Task directions: Reproduce all the lines below exactly and omit the images.

Image-text web data:
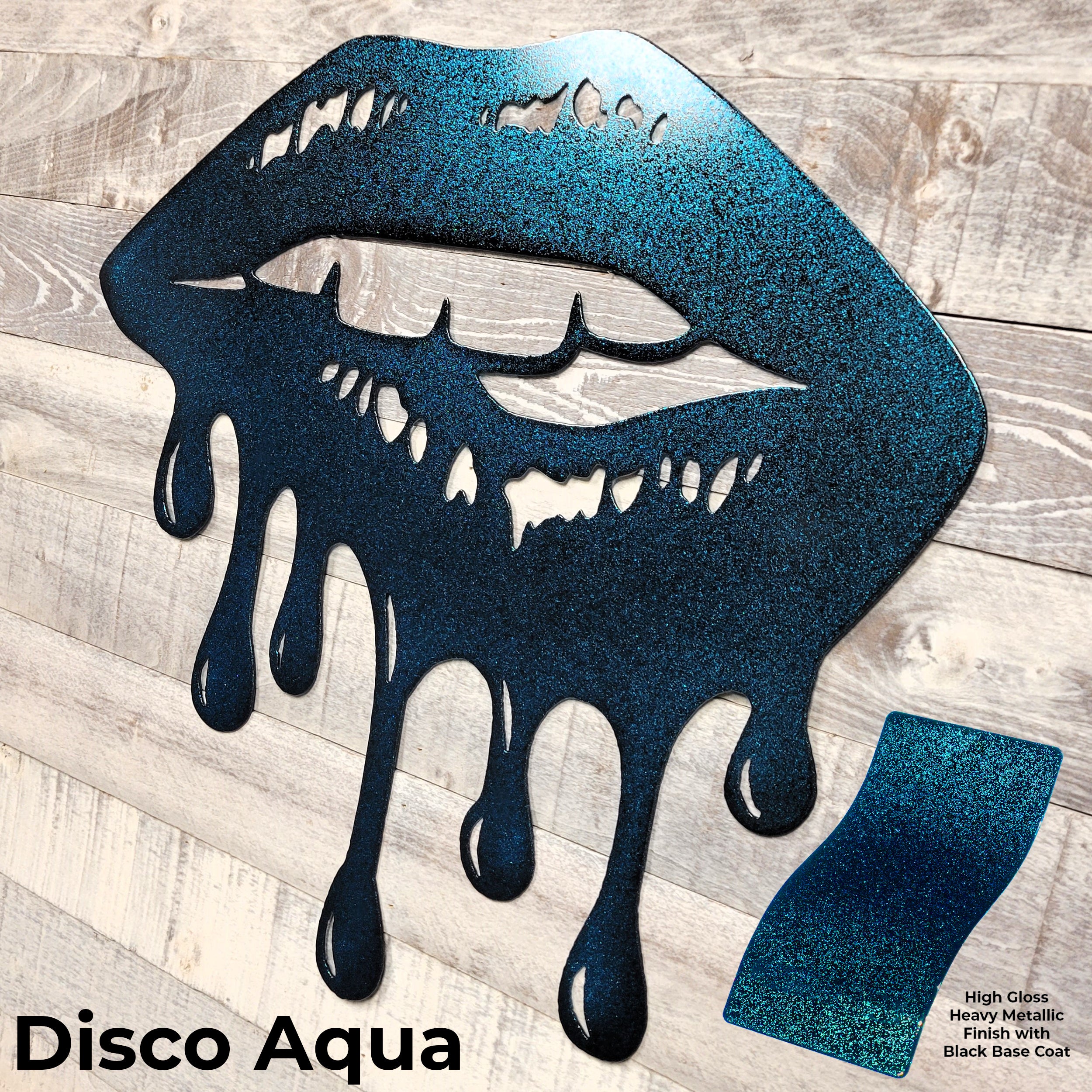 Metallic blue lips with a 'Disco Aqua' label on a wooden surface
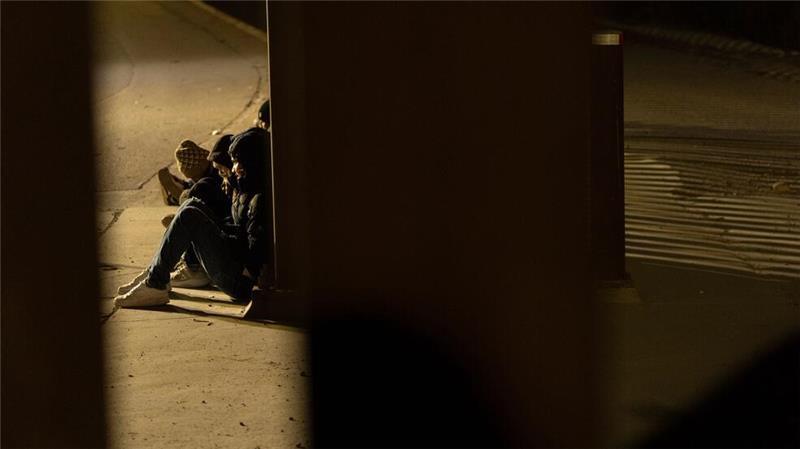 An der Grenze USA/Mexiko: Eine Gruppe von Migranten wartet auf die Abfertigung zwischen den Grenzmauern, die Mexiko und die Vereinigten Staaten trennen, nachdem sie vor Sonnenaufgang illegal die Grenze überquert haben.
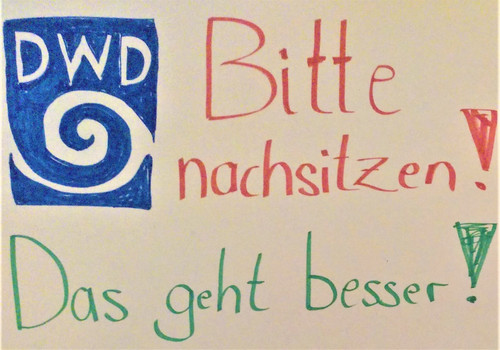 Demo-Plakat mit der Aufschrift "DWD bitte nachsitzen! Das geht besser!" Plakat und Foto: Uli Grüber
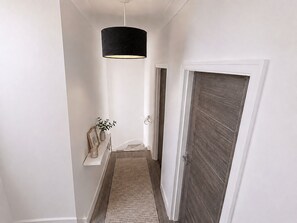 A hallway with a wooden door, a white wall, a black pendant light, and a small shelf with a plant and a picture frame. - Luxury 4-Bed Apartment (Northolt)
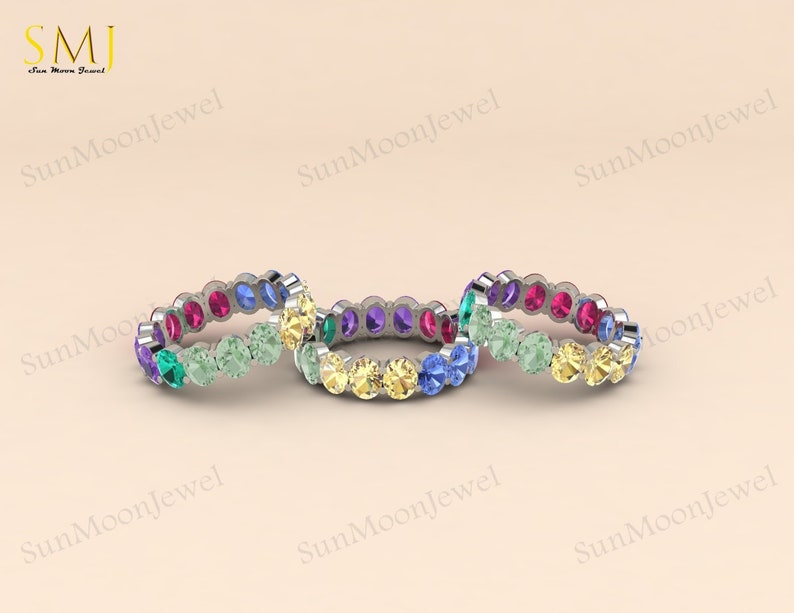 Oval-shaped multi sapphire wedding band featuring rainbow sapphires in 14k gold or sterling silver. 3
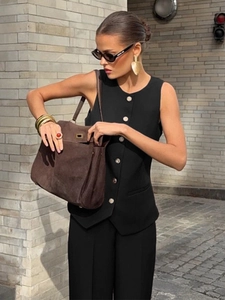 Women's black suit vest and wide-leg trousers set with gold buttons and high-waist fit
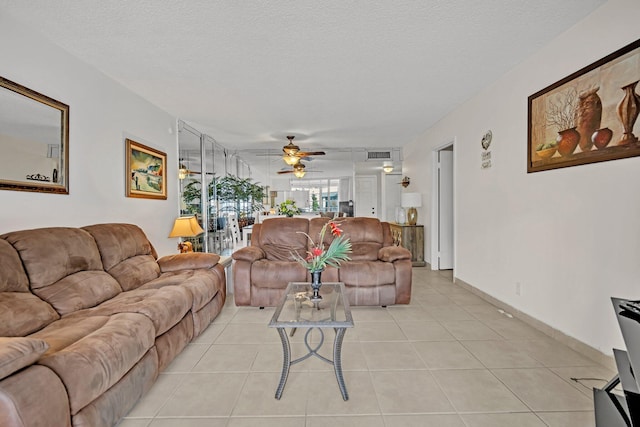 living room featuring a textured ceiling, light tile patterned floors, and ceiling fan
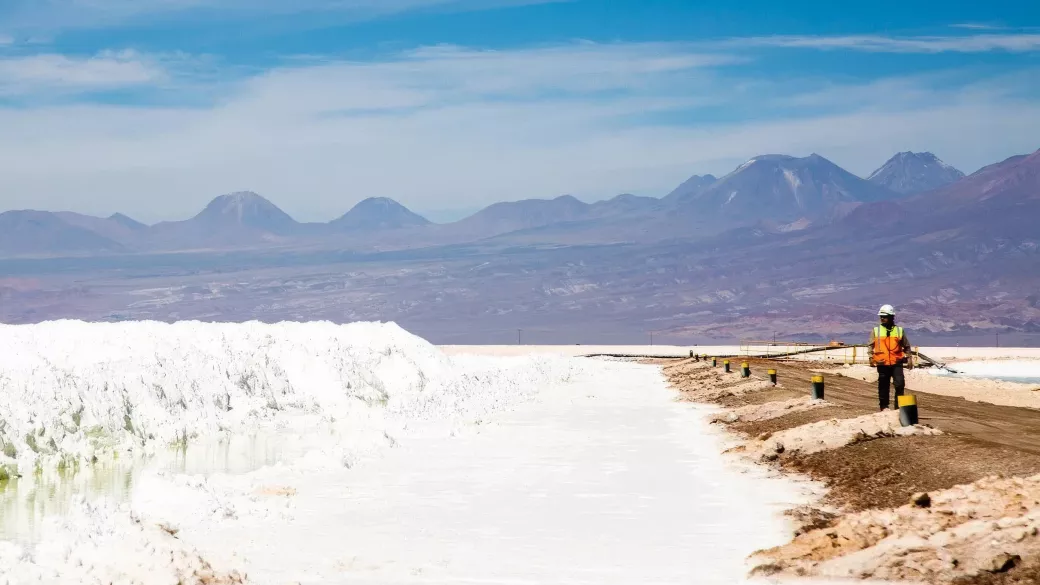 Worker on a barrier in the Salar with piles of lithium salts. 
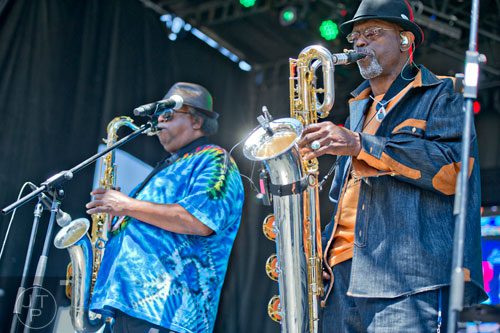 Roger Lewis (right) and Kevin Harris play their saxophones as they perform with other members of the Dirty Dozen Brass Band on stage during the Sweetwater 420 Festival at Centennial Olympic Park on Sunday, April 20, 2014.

Response area:
 Metallic blue lips with a 'Disco Aqua' label on a wooden surface
 An der Grenze USA/Mexiko: Eine Gruppe von Migranten wartet auf die Abfertigung zwischen den Grenzmauern, die Mexiko und die Vereinigten Staaten trennen, nachdem sie vor Sonnenaufgang illegal die Grenze überquert haben.
 Demo-Plakat mit der Aufschrift "DWD bitte nachsitzen! Das geht besser!" Plakat und Foto: Uli Grüber
 A hallway with a wooden door, a white wall, a black pendant light, and a small shelf with a plant and a picture frame. - Luxury 4-Bed Apartment (Northolt)
 Oval-shaped multi sapphire wedding band featuring rainbow sapphires in 14k gold or sterling silver. 3
 Women's black suit vest and wide-leg trousers set with gold buttons and high-waist fit
 living room featuring a textured ceiling, light tile patterned floors, and ceiling fan
 Worker on a barrier in the Salar with piles of lithium salts. 
 Roger Lewis (right) and Kevin Harris play their saxophones as they perform with other members of the Dirty Dozen Brass Band on stage during the Sweetwater 420 Festival at Centennial Olympic Park on Sunday, April 20, 2014.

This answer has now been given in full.